Background information
- Origin: Dublin, Ireland
- Genres: pop rock, pop, alternative rock
- Years active: 2016–present
- Members: David Whelan; Conor O'Donohoe; Ed Porter; Callum McAdam;

= Wild Youth (band) =

Irish indie pop band

Wild Youth are an Irish pop band formed in Dublin in 2016, consisting of members David Whelan, Conor O'Donohoe, Ed Porter and Callum McAdam. They represented Ireland in the Eurovision Song Contest 2023 with the song "We Are One".

== Career ==
Conor O'Donohoe and David Whelan have been friends since childhood, and recorded covers together before the band's formation, having started making music after O'Donohoe suffered an accident which left him bedridden for several months. The duo founded Wild Youth alongside drummer Callum McAdam (formerly of Bipolar Empire) and guitarist Edward Porter (formerly of Leaders of Men) in 2016 in Dublin.
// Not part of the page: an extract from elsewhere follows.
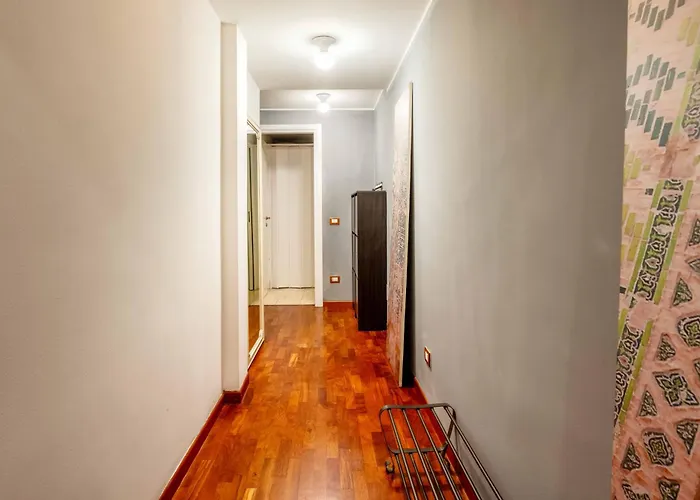 One Bedroom With Terrace Near Duomo Milano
The members write and produce their songs alone. Their debut single, "All or Nothing", was released in May 2017, with a music video following on 22 June. A number of tracks were released after it, which became hits in Ireland. Following its success, the band opened for Niall Horan, Lewis Capaldi and Westlife. In 2019, their first mini-album, The Last Goodbye, was released. The Last Goodbye debuted at number five on the Irish Albums Chart.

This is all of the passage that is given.